Are older vintages always better than younger ones?

Contrary to what you may expect, most wines today are made for consumption while they are still young (within a year or two of the vintage on the label) and will not improve much over time.

With red wines, you can generally bank on an older vintage having more complexity and smoothness than a younger vintage, especially for age-worthy grapes, such as Cabernet Sauvignon, Merlot and blends containing these grapes.

Because red wines contain age-friendly tannins originating from contact with grape skins and stems, and from aging in oak barrels, they continue to develop and mature inside the bottle and become more drinkable over time.

Fine red wines that are more expensive than average usually will improve with age, whereas lower-priced wines are made for more immediate consumption — within months of their release.

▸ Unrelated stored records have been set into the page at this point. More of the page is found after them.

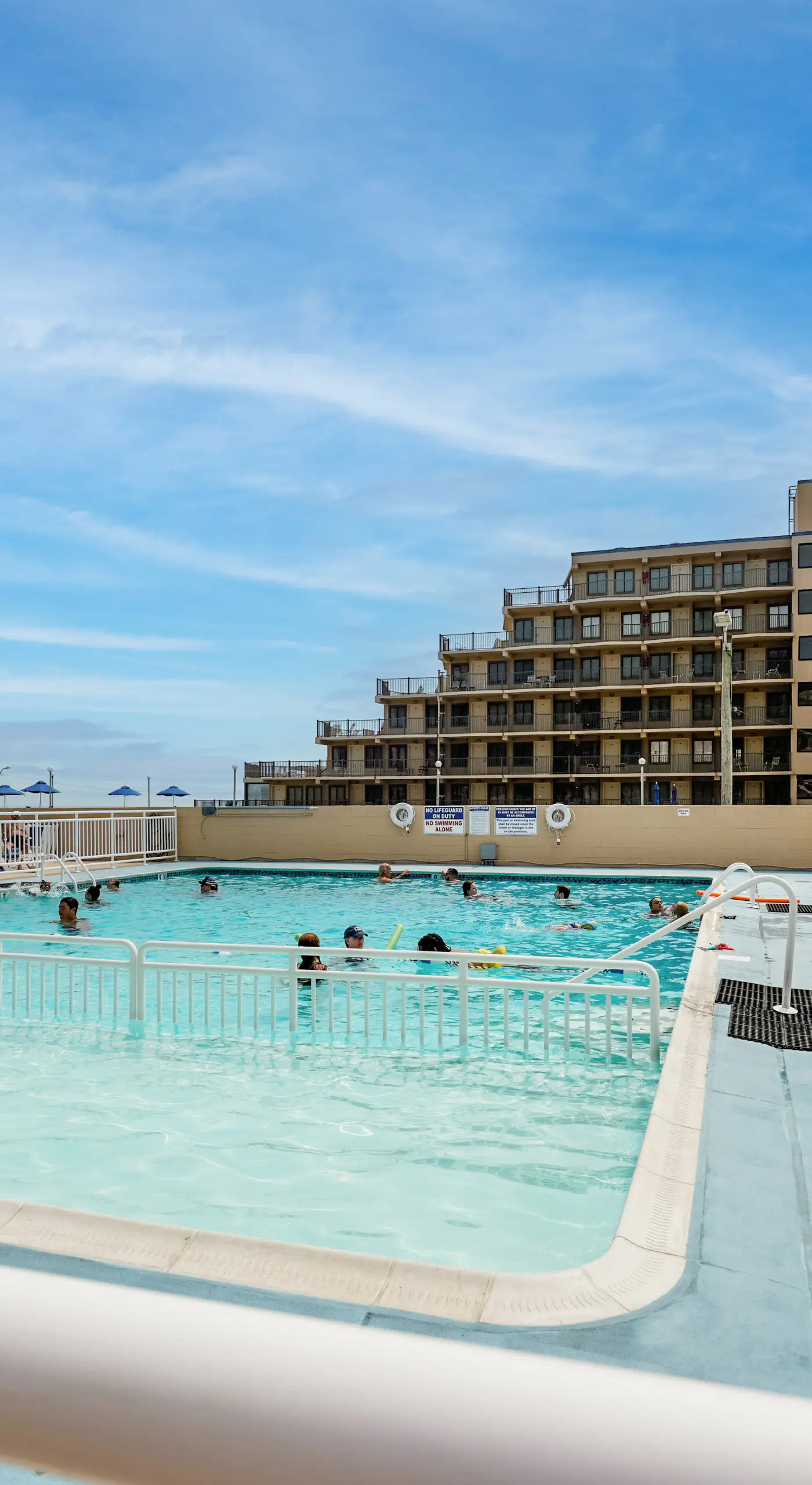 Beachfront Fourth-Floor Condo w/ Community Pool!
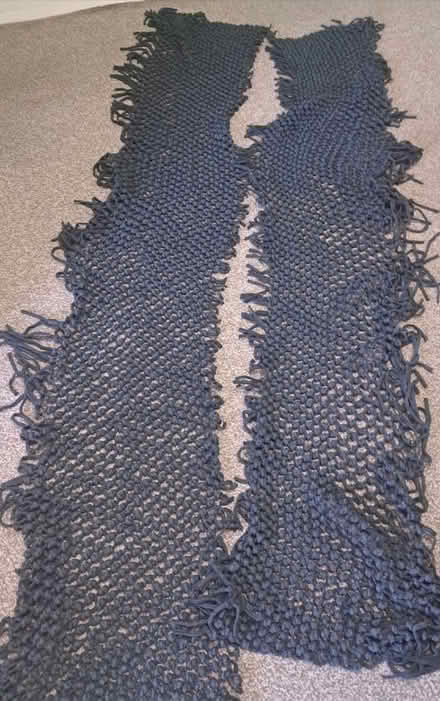 Photo of free Knotted blanket (Penmaenmawr LL34) #2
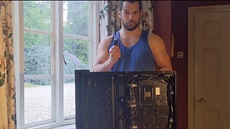 Henry Cavill si staví herní počítač Henry Cavill si staví herní počítač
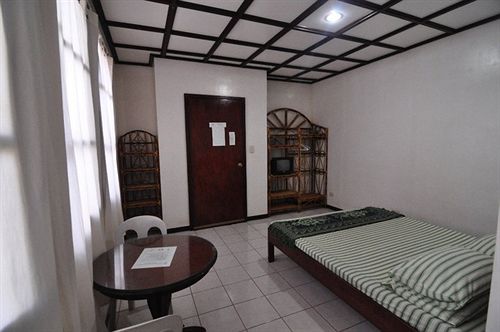 Bed and Breakfast Ayahay Sa Matutina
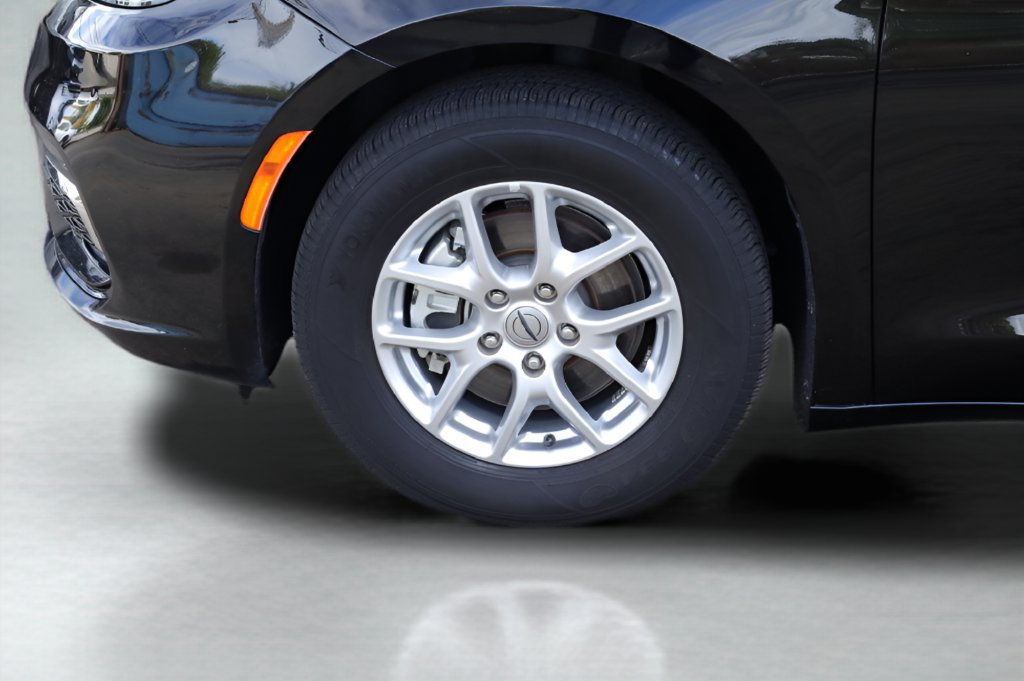 Used 2025 Chrysler Pacifica Select FWD image 4
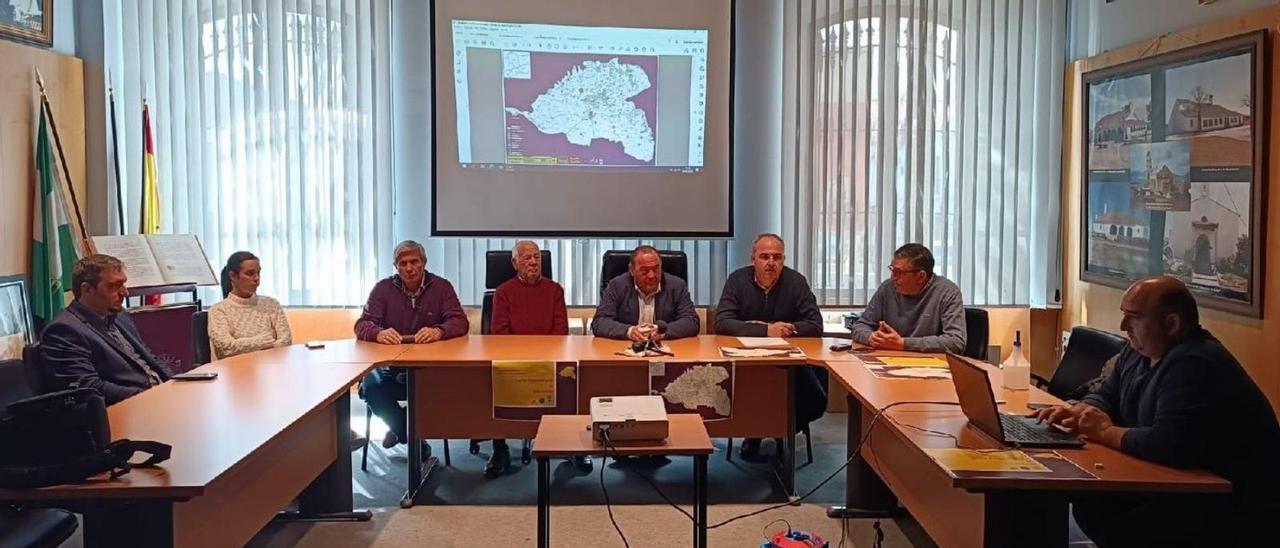 Participantes en la presentación de la Carta Arqueológica en el salón de plenos del Ayuntamiento.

The issue of vintage can be complex. There are wine vintage charts (available as a reference resource in many wine stores) that list wine regions around the world and rate each vintage year according to its quality, which is primarily determined by that year’s weather.

Weather in a given year is more critical in France, for example, than in the United States because wine laws in France prohibit irrigation of vines. In other words, the quantity of water that a vine gets is not controlled.

What’s more, the climates in California (and South Africa) wine regions are fairly consistent from year to year, making differences between vintages less meaningful.

Red wines age according to a curve that reaches a peak of improvement and then declines. It is just a guess by winemakers and wine critics as to when in the life of the wine that peak occurs.

Because white wines are absent of tannins and their preservative characteristics, the older a white wine gets, the greater the chance that it may be beyond its peak and on the downside slope of its “drinkability” curve.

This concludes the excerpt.